The change in Japan's attitude toward nuclear power was sparked by the March 2011 meltdown at TEPCO's Fukushima Daiichi nuclear power plant (see Daily GPI, March 14, 2011). Before that catastrophe, the country relied on nuclear power to meet one-third of its domestic energy needs. Only two of the nation's 50 nuclear reactors are currently operational, with the rest idled pending safety inspections by the government.
Last June, the U.S. Energy Information Administration (EIA) predicted that Japan's energy fuel mix would likely change in the wake of Fukushima, with natural gas rising in importance and becoming the "preferred fuel of choice" to make up for the shortfall from the reduced nuclear capacity. Overall imports of LNG in Japan have been trending up since 2003, according to EIA, with total LNG imports exceeding more than 10 Bcf/d by April 2011, most of which was used for power generation.

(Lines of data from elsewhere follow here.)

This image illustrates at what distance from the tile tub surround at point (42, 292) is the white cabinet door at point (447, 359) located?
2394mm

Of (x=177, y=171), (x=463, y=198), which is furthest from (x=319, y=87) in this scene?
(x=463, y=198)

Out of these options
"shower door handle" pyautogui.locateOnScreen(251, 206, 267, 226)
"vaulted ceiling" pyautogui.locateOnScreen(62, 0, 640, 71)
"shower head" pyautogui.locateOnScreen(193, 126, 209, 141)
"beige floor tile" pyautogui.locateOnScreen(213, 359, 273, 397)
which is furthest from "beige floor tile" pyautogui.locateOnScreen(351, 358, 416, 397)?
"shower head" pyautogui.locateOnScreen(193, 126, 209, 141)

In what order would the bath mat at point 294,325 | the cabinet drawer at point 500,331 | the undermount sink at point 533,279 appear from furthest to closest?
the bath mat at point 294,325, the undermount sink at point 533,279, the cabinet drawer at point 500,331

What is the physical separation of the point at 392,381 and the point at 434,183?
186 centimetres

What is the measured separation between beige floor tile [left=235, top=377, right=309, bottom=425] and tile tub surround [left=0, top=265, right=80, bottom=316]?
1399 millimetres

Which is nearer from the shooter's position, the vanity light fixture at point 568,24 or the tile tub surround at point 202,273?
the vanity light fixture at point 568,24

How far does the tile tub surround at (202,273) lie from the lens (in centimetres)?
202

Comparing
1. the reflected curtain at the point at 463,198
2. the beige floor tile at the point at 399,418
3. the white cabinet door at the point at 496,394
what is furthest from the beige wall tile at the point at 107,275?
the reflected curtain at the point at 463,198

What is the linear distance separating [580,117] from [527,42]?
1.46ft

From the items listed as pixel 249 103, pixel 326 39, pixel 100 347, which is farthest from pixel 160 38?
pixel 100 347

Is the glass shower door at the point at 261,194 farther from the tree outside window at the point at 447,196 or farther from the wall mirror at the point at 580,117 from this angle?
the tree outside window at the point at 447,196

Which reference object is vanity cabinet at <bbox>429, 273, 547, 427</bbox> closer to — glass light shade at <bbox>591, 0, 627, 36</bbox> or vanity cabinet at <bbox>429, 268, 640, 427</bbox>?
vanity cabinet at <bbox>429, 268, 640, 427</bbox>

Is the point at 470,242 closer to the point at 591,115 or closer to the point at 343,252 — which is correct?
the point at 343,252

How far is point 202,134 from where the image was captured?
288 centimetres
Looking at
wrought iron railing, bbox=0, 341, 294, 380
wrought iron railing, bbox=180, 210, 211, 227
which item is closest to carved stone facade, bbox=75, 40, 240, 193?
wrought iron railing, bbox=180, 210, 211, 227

TEPCO's LNG search has not been confined to North America. Earlier this year Australian subsidiaries of Chevron Corp. signed additional binding agreements with TEPCO for LNG offtake and equity interests in the Chevron-operated Wheatstone Project in Western Australia (see Daily GPI, June 19). TEPCO is to purchase an additional 0.4 million metric tons per year of LNG from Wheatstone for up to 20 years. Through a related company TEPCO also would acquire from Chevron a 10% participating interest in the Wheatstone field licenses and an 8% interest in the gas processing facilities. Those agreements increased TEPCO's total Wheatstone LNG offtake to 4.2 million metric tons per year, Chevron said.
In August ConocoPhillips said it had sent three LNG shipments to Japan out of the Kenai LNG plant on Alaska's Kenai Peninsula and expected to send one or two more by year's end (see Daily GPI, Aug. 21). The operator had considered mothballing the terminal after more than 40 years of selling LNG to Japan, but decided to send spot cargoes of LNG to Japan following the Fukushima incident. The plant's export license is due to expire in 2013 and ConocoPhillips has said the future of the plant "depends on gas supply in Cook Inlet and demand for LNG in Asia."

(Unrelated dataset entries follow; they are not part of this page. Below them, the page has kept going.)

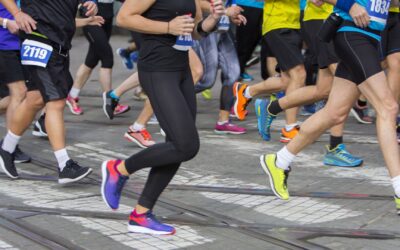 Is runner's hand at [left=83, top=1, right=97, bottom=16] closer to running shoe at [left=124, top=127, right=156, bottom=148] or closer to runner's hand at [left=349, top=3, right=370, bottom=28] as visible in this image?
running shoe at [left=124, top=127, right=156, bottom=148]

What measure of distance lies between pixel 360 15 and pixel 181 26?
4.22 ft

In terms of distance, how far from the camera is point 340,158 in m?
7.29

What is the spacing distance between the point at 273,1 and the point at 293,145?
8.18 feet

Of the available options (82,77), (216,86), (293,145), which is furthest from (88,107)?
(293,145)

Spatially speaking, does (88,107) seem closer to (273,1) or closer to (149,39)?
(273,1)

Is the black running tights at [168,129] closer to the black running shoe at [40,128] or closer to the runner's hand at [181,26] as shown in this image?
the runner's hand at [181,26]

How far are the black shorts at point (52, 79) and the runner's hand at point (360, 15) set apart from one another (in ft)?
7.47

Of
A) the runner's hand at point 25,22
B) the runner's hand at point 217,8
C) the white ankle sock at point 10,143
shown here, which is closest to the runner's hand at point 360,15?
the runner's hand at point 217,8

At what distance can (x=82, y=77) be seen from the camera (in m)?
10.5

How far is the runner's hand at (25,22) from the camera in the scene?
656 centimetres

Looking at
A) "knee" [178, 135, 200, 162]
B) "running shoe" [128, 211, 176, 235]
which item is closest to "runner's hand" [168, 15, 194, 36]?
"knee" [178, 135, 200, 162]

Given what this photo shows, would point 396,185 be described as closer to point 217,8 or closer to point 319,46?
point 217,8

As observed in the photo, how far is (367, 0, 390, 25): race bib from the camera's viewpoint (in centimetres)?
580

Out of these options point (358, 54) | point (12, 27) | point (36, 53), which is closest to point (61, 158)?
point (36, 53) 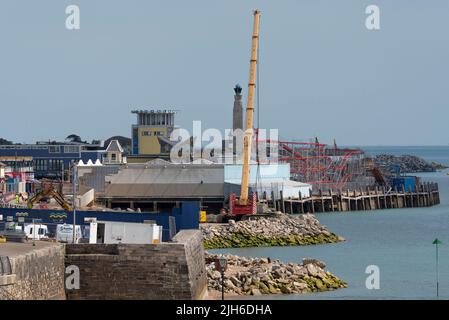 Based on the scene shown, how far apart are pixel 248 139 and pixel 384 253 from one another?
64.7ft

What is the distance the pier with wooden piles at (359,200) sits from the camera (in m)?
90.9

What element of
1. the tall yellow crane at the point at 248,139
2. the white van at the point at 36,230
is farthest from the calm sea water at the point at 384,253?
the white van at the point at 36,230

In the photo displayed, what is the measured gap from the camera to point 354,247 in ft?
205

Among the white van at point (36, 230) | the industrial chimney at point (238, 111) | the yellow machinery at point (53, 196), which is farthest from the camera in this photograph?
the industrial chimney at point (238, 111)

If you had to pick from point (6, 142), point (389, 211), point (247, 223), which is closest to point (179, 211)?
point (247, 223)

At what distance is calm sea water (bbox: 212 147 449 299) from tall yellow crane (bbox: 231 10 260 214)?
502 centimetres

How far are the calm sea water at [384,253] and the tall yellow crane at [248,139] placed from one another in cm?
502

Freeport LNG Expansion LP recently struck 20-year liquefaction tolling agreements with Osaka Gas Co. Ltd. and Chubu Electric Power Co. Inc. covering 100% of the liquefaction capacity of the first train of Freeport LNG's propose liquefaction and LNG loading facility near Freeport, TX (see Daily GPI, Aug.1).
The Department of Energy has postponed the release of the second part of its study on the economic impact of exporting domestically produced LNG until year-end (see Daily GPI, Sept. 19).
On Wednesday Canadian Minister of Natural Resources Joe Oliver concluded what he said had been a "successful" economic mission to Japan, which included an appearance at the Liquefied Natural Gas Producer-Consumer Conference in Tokyo. Canadian exports to Japan are vital to Canada's future prosperity, he said. Canada has several LNG export projects on the drawing board that would be located along British Columbia's west coast.
"Our government is aggressively pursuing agreements with countries in the Asia–Pacific region to give Canadian businesses an opportunity to compete in the fastest-growing region in the world," Oliver said.